Итог возвращает к началу, к первой фразе романа: «Вещи и дела, аще не написании бывают, тмою покрываются и гробу беспамятства предаются, написании же яко одушевленнии…» (VI, 7). Первая встреча героя, еще мальчика, со смертью, дала повод повторить эти слова: «…я впервые ощутил тогда, что она <смерть> порой находит на мир истинно как туча на солнце, вдруг обесценивая все наши „дела и вещи“, лишая нас интереса к ним, чувства законности и смысла их существования, все покрывая печалью и скукой» (VI, 28). В другой раз они повторяются при воспоминании о почти экстатическом и несомненно творческом состоянии, когда душа, отрешаясь от жизни, «точно из какой-то неземной дали <…> созерцала „вещи и дела“ человеческие» (VI, 86). В финале романа умершая жизнь восстает из гроба беспамятства, наделяется душой и выходит из границ времени, отмечающих ее начало и конец. Только сила, преодолевающая смерть в «Жизни Арсеньева» – нечто большее, чем «написание». Ибо на протяжении всего романа осуществляется не фиксация прошлого, а его воспоминание, которое и оказывается силой воскрешающей.

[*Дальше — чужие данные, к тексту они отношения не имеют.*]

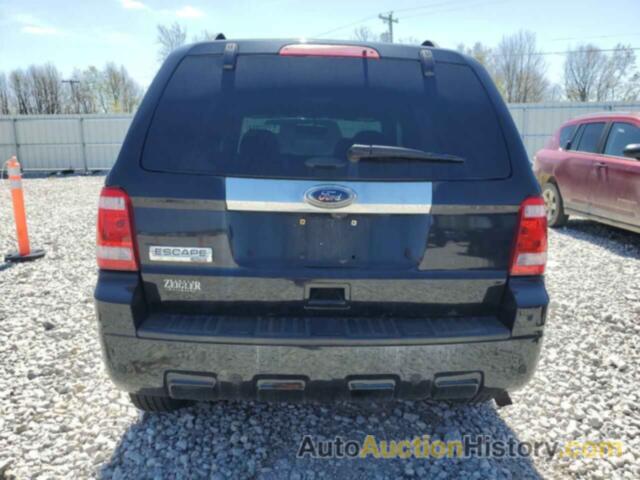 FORD ESCAPE LIMITED, 1FMCU9E7XCKB65389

Глава 4Воля и закон Мнемозины(романы Владимира Набокова)
1. Воспоминание как сюжет
«Котик Летаев» Андрея Белого, «Младенчество» Вячеслава Иванова и «Жизнь Арсеньева» Ивана Бунина являются, на наш взгляд, теми тремя произведениями русской автобиографической поэзии и прозы, на основе которых можно говорить о связи с традицией темы воспоминания у Набокова. Бытование этой темы в русской культуре ХХ века, разумеется, выходит далеко за рамки трех произведений, избранных нами для монографического анализа. Но, на наш взгляд, данные три текста достаточно репрезентативны: они развивают эту тему в тех важнейших ее ракурсах, которые оказались актуальными в первой половине ХХ века. Поэтому, посвятив каждому из них по главе, мы можем теперь, в качестве предварительного подведения итогов, указать на те общие для эпохи мотивы, участвующие в развитии этой темы, которые оказались унаследованы Набоковым.

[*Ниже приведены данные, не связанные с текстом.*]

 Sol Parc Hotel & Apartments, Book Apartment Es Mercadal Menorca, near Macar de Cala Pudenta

О трактовке памяти и воспоминания в первой половине ХХ века достаточно подробно говорилось во введении. «Котик Летаев», «Младенчество» и «Жизнь Арсеньева» интерпретируют акт воспоминания исходя из ценностных ориентиров, сходных с теми, что были выработаны русской философской мыслью. Воспоминание понято как духовный акт (духовная практика) высочайшей значимости. Процесс воспоминания истолкован как ценность, не менее, а может быть, и более важная, чем его результат. Во всяком случае, погружение в глубины памяти предпринимается не затем, чтобы извлечь из нее статичный результат воспоминания, а ради того, чтобы совершить акт, сопутствующий воспоминанию – акт самопознания. Последний же неизменно выводит индивидуальное «Я» за его пределы – к миропознанию и, в некотором смысле, – к богопознанию. Воспоминание идет дальше личной человеческой жизни – за черту рождения, а порой и еще дальше – к «предмирному». Работа памяти сопряжена с личным мистическим опытом. Движение памяти не имеет однонаправленной устремленности к прошлому, оно направлено к нему лишь затем, чтобы воссоединить его с настоящим. Через эту встречу воскрешается прошлое и, вместе с тем, воссоединяется, избегая дурной множественности, личное «Я». Память имеет активно преображающий характер и теснейше связана, с одной стороны, с познанием, с другой стороны – с воображением.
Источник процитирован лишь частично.